# Practice Paradox...



## Ingélou

Just sharing my experience & wondering how yours compares. 

I start a new tune. I think, that's gorgeous. But in order to learn it, I have to listen to it over & over; play it over & over; identify the trouble bars & practise them over and over; try to improve the speed; try to improve the dynamics...

And you know what - by the time I can play it properly, I'm heartily sick of it.

If I go on climbing long enough, will I get my second wind? Do pukka musicians get sick of pieces they play for concerts, or, working at another level, do they feel they're understanding the music in more & more depth?


----------



## ComposerOfAvantGarde

Once I get the technical aspects of a piece of music right I am often quite sick of it. When I add more musicality and expression into the notes I play I get a second wind. That's what works for me.


----------



## OboeKnight

Yep, this happens to me too. I practiced the same three pieces for months getting ready for college auditions...I never want to see them again lol. I can usually still enjoy pieces I'm sick of by trying to maximize expression, and performing always brings back a new thrill. I'm never completely satisfied with my playing, so I'm always working to get things just a little better.


----------



## Ukko

I suggest (humbly, I'm not a musician) that there is more to good classical music than melody and rhythm - those things that first please you. As a musician you have a clearer path to those _other aspects_ than I do as a listener. The musicians working together to learn a string quartet (think Bartók 4 for instance) are penetrating depths that I will never get to.

To put my message more succinctly: Quitcher bitchin, whippersnappers; you are privileged.


----------



## Taggart

Hilltroll72 said:


> I suggest (humbly, I'm not a musician) that there is more to good classical music than melody and rhythm - those things that first please you. As a musician you have a clearer path to those _other aspects_ than I do as a listener. The musicians working together to learn a string quartet (think Bartók 4 for instance) are penetrating depths that I will never get to. ..


Hmm! I think there's a major difference between those who play chordal instruments and those who play others. If you are faced with a piece with two or more distinct themes over the two hands then you are forced into a deeper understanding of the music.

However, the listener has it easy, they can concentrate on the music without having to worry about all the technicalities of playing. I think that's the point the Ingenue is making. In some ways all the mechanics can sometimes get in the way - I'm playing something at the minute and going through it bar by bar my teacher is making me concentrate on exactly what I'm doing - getting louder (or softer), use of the pedal, emphasising the legato in one hand compared with staccato in the other, getting the "gaps" between phrases right.

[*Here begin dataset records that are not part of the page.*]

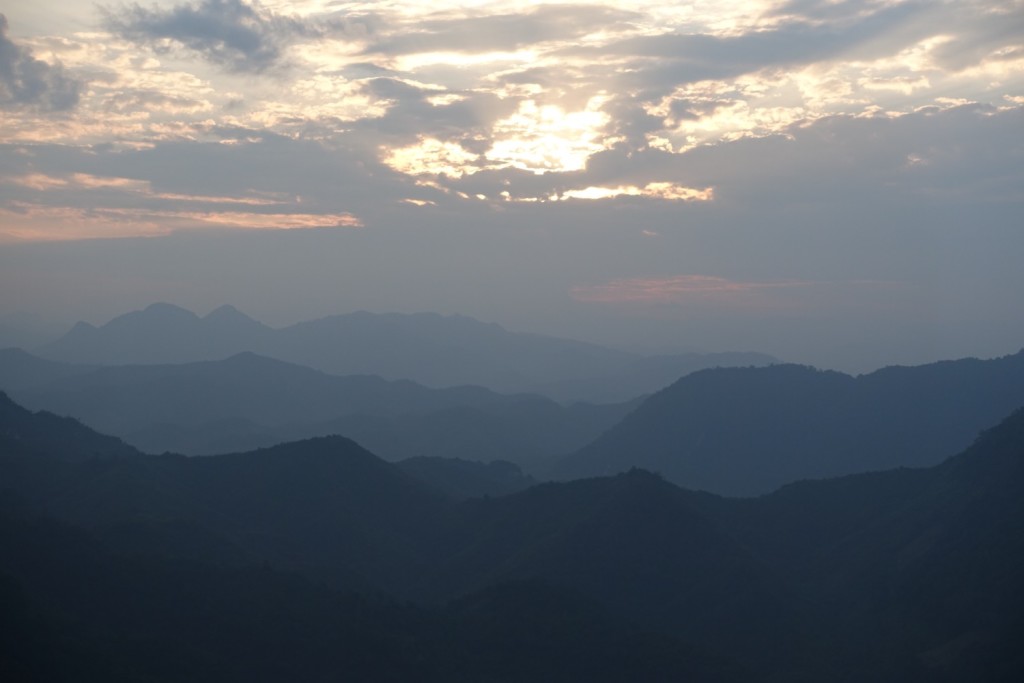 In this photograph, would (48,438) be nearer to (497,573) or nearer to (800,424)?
(497,573)

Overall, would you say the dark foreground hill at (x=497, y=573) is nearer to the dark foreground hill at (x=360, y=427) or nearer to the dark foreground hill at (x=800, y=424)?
the dark foreground hill at (x=800, y=424)

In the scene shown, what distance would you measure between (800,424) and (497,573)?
8059 centimetres

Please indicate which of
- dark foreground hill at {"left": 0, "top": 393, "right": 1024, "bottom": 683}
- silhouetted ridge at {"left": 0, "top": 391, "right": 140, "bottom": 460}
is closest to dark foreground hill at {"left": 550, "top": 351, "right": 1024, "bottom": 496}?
dark foreground hill at {"left": 0, "top": 393, "right": 1024, "bottom": 683}

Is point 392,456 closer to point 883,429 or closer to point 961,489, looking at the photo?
point 883,429

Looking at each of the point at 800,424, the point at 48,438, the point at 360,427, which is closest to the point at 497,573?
the point at 48,438

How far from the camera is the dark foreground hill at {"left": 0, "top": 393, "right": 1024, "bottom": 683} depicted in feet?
152

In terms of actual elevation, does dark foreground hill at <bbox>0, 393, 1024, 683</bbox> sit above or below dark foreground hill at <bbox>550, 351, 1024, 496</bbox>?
below

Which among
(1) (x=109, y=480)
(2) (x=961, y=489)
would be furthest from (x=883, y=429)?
(1) (x=109, y=480)

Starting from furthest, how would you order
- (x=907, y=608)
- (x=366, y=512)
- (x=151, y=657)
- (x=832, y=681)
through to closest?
(x=366, y=512) → (x=907, y=608) → (x=832, y=681) → (x=151, y=657)

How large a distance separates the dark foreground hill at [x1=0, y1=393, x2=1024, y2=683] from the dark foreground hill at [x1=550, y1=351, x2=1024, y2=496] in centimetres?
4226

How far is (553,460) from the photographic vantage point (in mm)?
146250

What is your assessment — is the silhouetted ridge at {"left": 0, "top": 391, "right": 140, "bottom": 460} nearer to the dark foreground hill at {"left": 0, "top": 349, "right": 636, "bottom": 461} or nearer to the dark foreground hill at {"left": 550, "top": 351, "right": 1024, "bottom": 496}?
the dark foreground hill at {"left": 0, "top": 349, "right": 636, "bottom": 461}

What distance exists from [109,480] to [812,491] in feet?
197

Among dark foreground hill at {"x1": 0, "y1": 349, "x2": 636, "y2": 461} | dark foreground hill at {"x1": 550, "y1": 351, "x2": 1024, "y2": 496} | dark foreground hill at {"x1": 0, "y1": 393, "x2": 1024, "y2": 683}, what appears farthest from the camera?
dark foreground hill at {"x1": 0, "y1": 349, "x2": 636, "y2": 461} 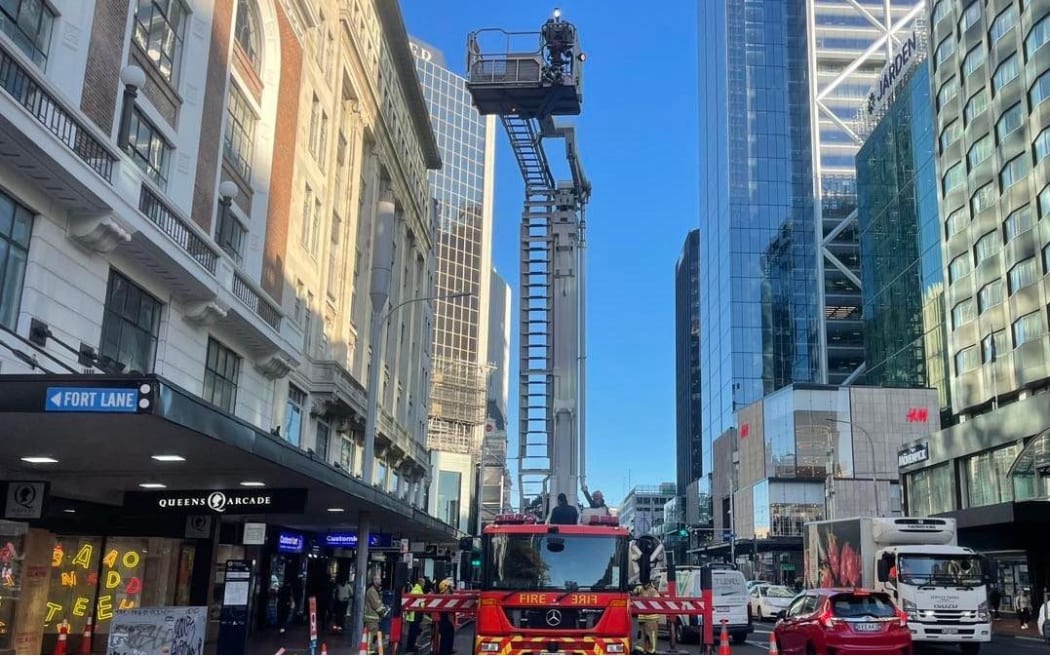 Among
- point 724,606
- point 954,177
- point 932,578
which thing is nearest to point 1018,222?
point 954,177

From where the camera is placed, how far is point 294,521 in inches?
1178

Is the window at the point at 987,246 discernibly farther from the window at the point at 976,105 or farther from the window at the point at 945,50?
the window at the point at 945,50

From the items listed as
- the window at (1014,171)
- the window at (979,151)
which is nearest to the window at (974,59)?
the window at (979,151)

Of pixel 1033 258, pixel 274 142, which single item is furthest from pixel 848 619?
pixel 1033 258

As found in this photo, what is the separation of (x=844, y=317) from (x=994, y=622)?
7826cm

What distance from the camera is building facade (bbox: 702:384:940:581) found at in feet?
275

That can take the soul out of a piece of music for the performer.

The trick is to get to the point where the mechanics become automatic and, like driving a car, you can relax and enjoy the scenery. The listener _only_ has to concentrate on lovely music the performer is making.


----------



## Ukko

Hah. Like driving a car, eh? You are taking the magic out of it, _Taggart_!


----------



## Taggart

Hilltroll72 said:


> Hah. Like driving a car, eh? You are taking the magic out of it, _Taggart_!


Any sufficiently advanced magic is indistinguishable from technology.


----------



## OboeKnight

Taggart said:


> The trick is to get to the point where the mechanics become automatic and, like driving a car, you can relax and enjoy the scenery. The listener _only_ has to concentrate on lovely music the performer is making.


Well put! Once you've worked on the music until you can play it without thinking about it, then you are free to make an expression with the music and thoroughly enjoy what you're playing. I've found that memorizing also helps free up the performance. When I play from memory, I'm saying: I know this piece forwards and backwards, and now my main focus is moving the audience.


----------



## MichaelSolo

OboeKnight said:


> ...Once you've worked on the music until you can play it without thinking about it, then you are free to make an expression with the music and thoroughly enjoy what you're playing....


This is generally correct. In practice, what helps, I think, is to never forget that what you are doing is not executing a sequence of tones with proper bowing, rythm, intonation and dynamics, but playing music, that is, directly communicating your feelings with the help of the melody. After every bar or two figured out, try them as the music, forgetting fingering etc.

Do not wait for the whole piece to be "figured out"; play every bit "as music" right away, as soon as you fix the fingers, and sometimes even before that!


----------



## Ukko

Taggart said:


> Any sufficiently advanced magic is indistinguishable from technology.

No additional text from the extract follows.